Start of Data shown

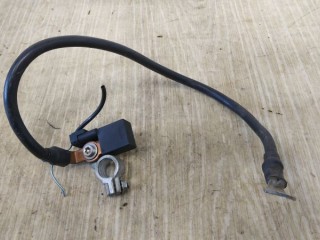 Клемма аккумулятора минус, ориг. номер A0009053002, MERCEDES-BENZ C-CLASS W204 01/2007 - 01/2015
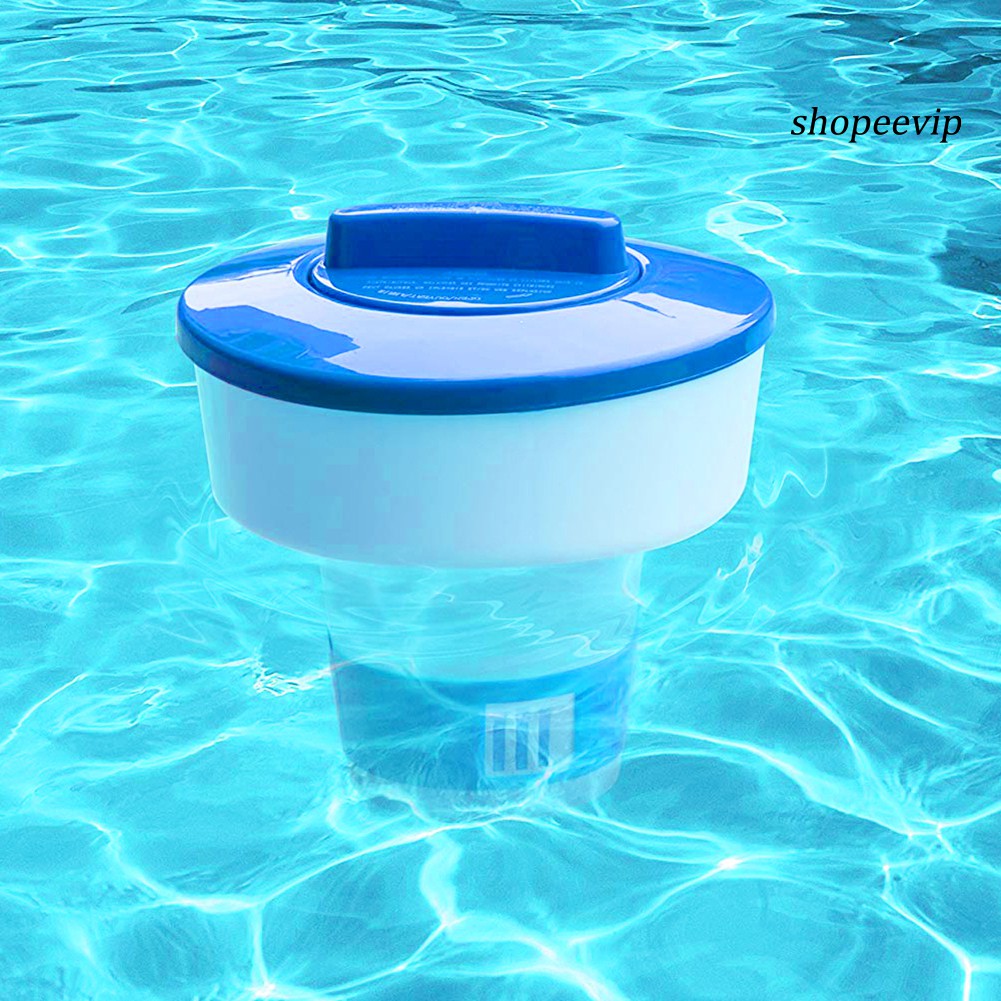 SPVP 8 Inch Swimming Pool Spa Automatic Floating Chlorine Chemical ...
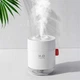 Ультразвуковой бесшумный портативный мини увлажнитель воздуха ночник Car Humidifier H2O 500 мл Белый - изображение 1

End of Data shown

▶ Problem description: Repeat the data exactly. No pictures should appear.

▶ Result for this task:
 Клемма аккумулятора минус, ориг. номер A0009053002, MERCEDES-BENZ C-CLASS W204 01/2007 - 01/2015
 SPVP 8 Inch Swimming Pool Spa Automatic Floating Chlorine Chemical ...
 Ультразвуковой бесшумный портативный мини увлажнитель воздуха ночник Car Humidifier H2O 500 мл Белый - изображение 1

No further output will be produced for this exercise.